Swaps using the BIM protocol are different from traditional order book transactions in that they are not executed on discrete orders on a first-in, first-out basis. Rather, swaps execute against a passive pool of liquidity.
Price Impact
In a traditional order-book market, a sizeable market-buy order may deplete the available liquidity of a prior limit-sell and continue to execute against a subsequent limit-sell order at a higher price. The result is the final execution price of the order is somewhere in between the two limit-sell prices against which the order was filled.
Price impact affects the execution price of a swap similarly but is a result of a different dynamic. When using an automated market maker, the relative value of one asset in terms of the other continuously shifts during the execution of a swap, leaving the final execution price somewhere between where the relative price started - and ended.

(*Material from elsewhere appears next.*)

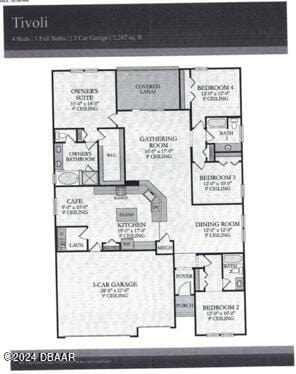 4155 Clifden Dr, Ormond Beach, FL 32174 - plan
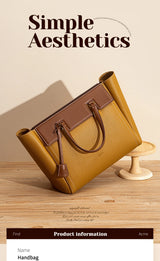 C-H Tote Bag Green New High Quality Handbag Soft Leather Woman Bags Girls Street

This dynamic affects every swap using the BIM protocol, as it is an inextricable part of AMM design de Uniswap.
As the amount of liquidity available at different price points can vary, the price impact for a given swap size will change relative to the amount of liquidity available at any given point in price space. The greater the liquidity available at a given price, the lower the price impact for a given swap size. The less the liquidity available, the higher the price impact.
Approximate price impact is anticipated in real-time via the BIM interface, and warnings appear if unusually high price impact will occur during a swap. Anyone executing a swap will have the ability to assess the circumstances of price impact when needed.
Slippage
The other relevant detail to consider when approaching swaps with the BIM protocol is slippage. Slippage is the term we use to describe alterations to a given price that could occur while a submitted transaction is pending.

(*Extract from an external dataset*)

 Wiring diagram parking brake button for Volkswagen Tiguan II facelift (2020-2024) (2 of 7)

When transactions are submitted to Ethereum, their order of execution is established by the amount of "gas" offered as a fee for executing each transaction. The higher the fee offered, the faster the transaction is executed. The transactions with a lower gas fee will remain pending for an indeterminate amount of time. During this time, the price environment in which the transaction will eventually be executed will change, as other swaps will be taking place.
Safety Checks
Price impact and slippage can both change while a transaction is pending, which is why we have built numerous safety checks into the Uniswap protocol to protect end-users from drastic changes in the execution environment of their swap. Some of the most commonly encountered safety checks:
Expired : A transaction error that occurs if a swap is pending longer than a predetermined deadline. The deadline is a point in time after which the swap will be canceled to protect against unusually long pending periods and the changes in price that typically accompany the passage of time.

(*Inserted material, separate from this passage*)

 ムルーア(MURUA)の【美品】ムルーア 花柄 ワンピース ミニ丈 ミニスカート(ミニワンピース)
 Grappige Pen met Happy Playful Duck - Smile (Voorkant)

INSUFFICIENT_OUTPUT_AMOUNT : When a user submits a swap, the Uniswap interface will send an estimate of how much of the purchased token the user should expect to receive. If the anticipated output amount of a swap does not match the estimate within a certain margin of error (the slippage tolerance), the swap will be canceled. This attempts to protect the user from any drastic and unfavorable price changes while their transaction is pending.